Here are some interesting project I have done in my courses and spare time, you are welcome to discuss any details with me.


2D Game Development in NUS School of Computing Summer Workshop

Lecturer: Kelvin Sung, Jun 2023

  • Actively participated in the entire game development process, from the initial proposal, creating prototypes, and rough demos, through alpha and beta testing, to the final player testing and game release.
  • Build a solid turn-based game system to support multiple players and their skill casting at arbitrary time, using Unity and C#.
  • Achieved an A+ score (top 5% in the course), and our game secured the 2nd place in the final showcase. Remarkably, this was accomplished without any prior hands-on experience in Unity, while competing against seasoned game developers in the course.

DAMO Academy & ModelScope Practical AIGC Training Program

Aug 2023 - Sep 2023

  • Created stylized AIGC styles based on base model majicMix-v6 by prompt-engineering to create solid art style, and trained LoRA to make New Year Style portraits.
  • Integrated new styles we create into facechain, a deep-learning toolchain for generating your DigitalTwin released by modelscope.
  • Won 3rd prize in the 6th Open Source Innovation Competition for the new portrait style we provided.

Zhejiang University B/S Software Development Course (96/100)

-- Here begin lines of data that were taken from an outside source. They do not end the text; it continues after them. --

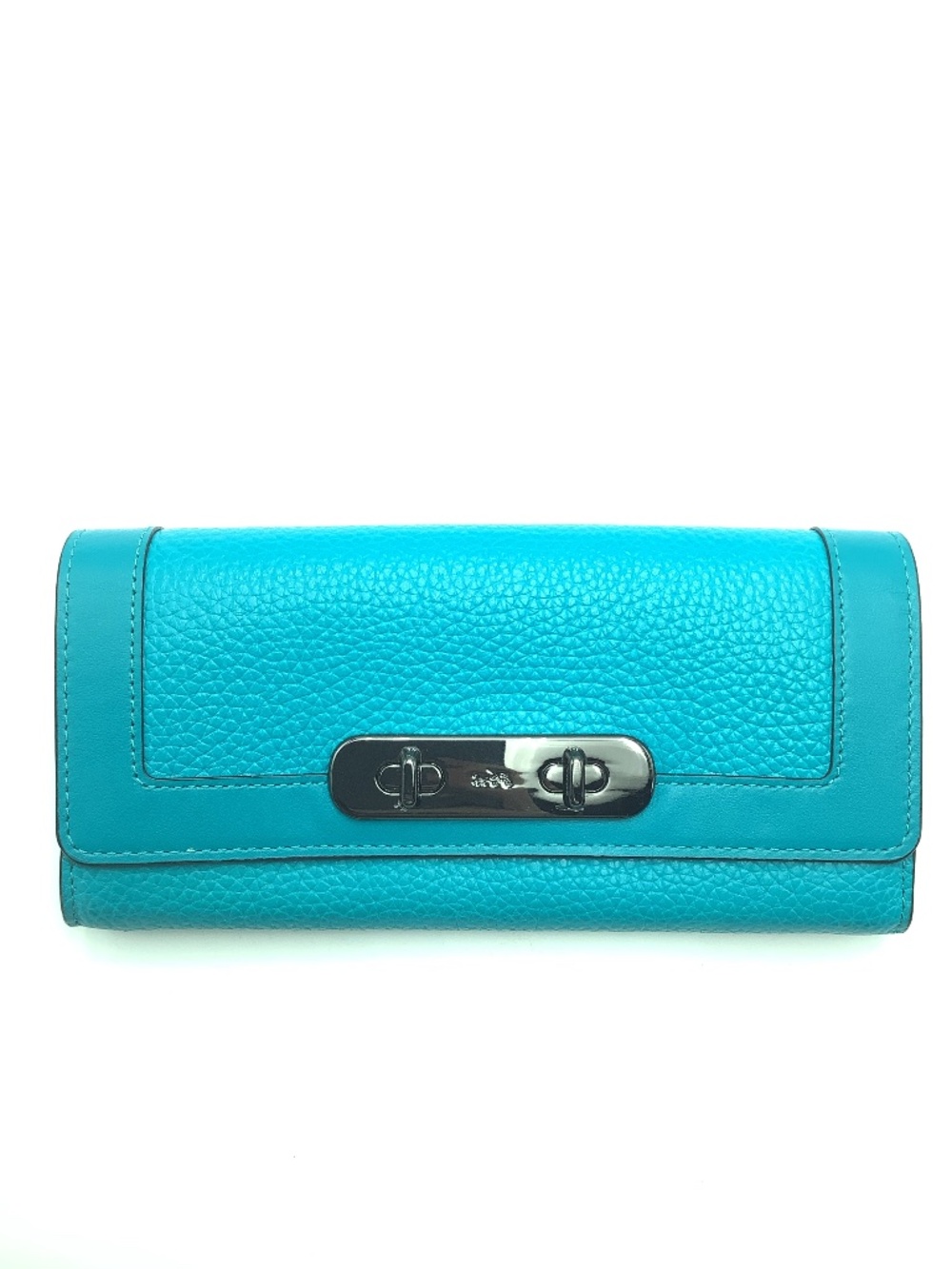 Coach Swagger Wallet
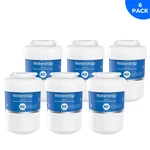 Waterdrop Water Filter, Replacement For Ge Smart Mwf,6 Pack. Fixed Price $43.00.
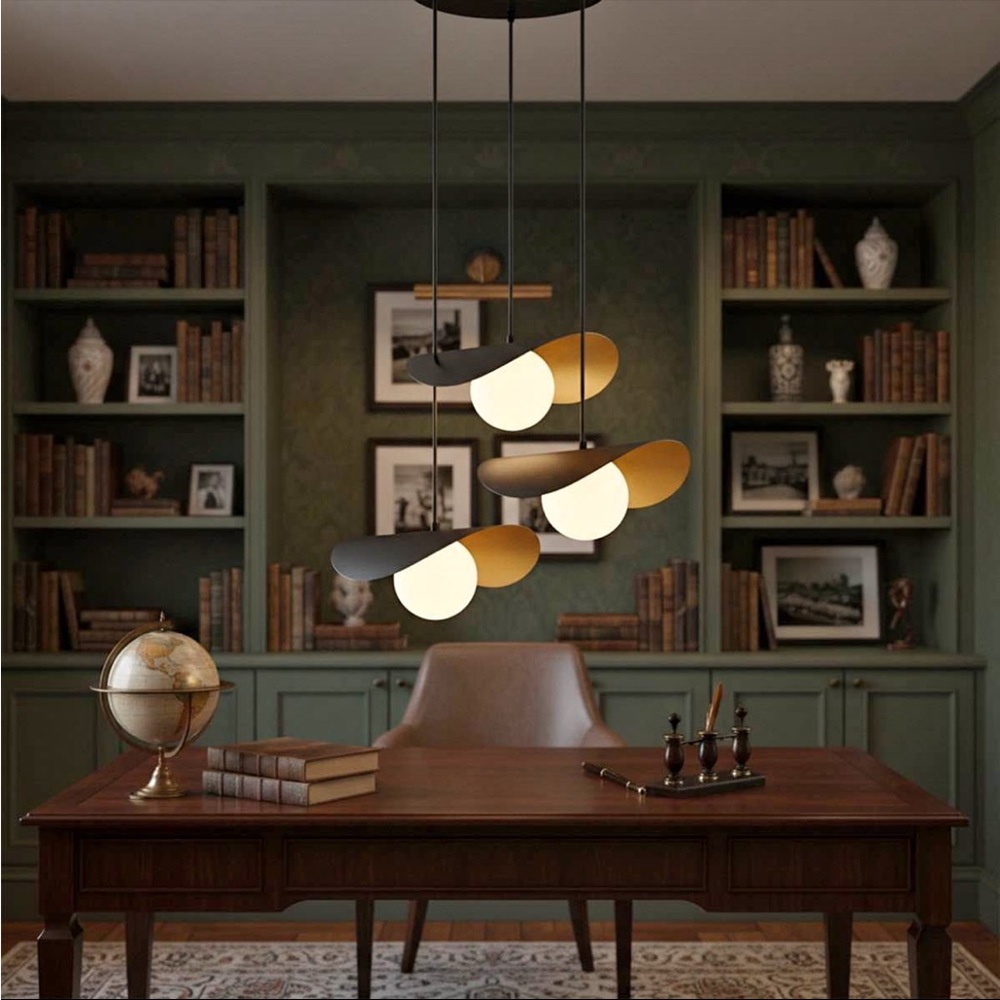 Modern Pendant Light Fixture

Course Project: Building a MQTT server for managing Internet of Things (IoT) devices.*

  • Utilized the UmiJS framework, Ant Design component library and React to build a user interface for device management. Implemented features include login authentication, data analytics, and device location tracking.
  • Adopted Go as the programming language for backend development, integrated with the Gin framework for efficient architecture, and utilized GORM for seamless database operations, all while working with a MySQL database.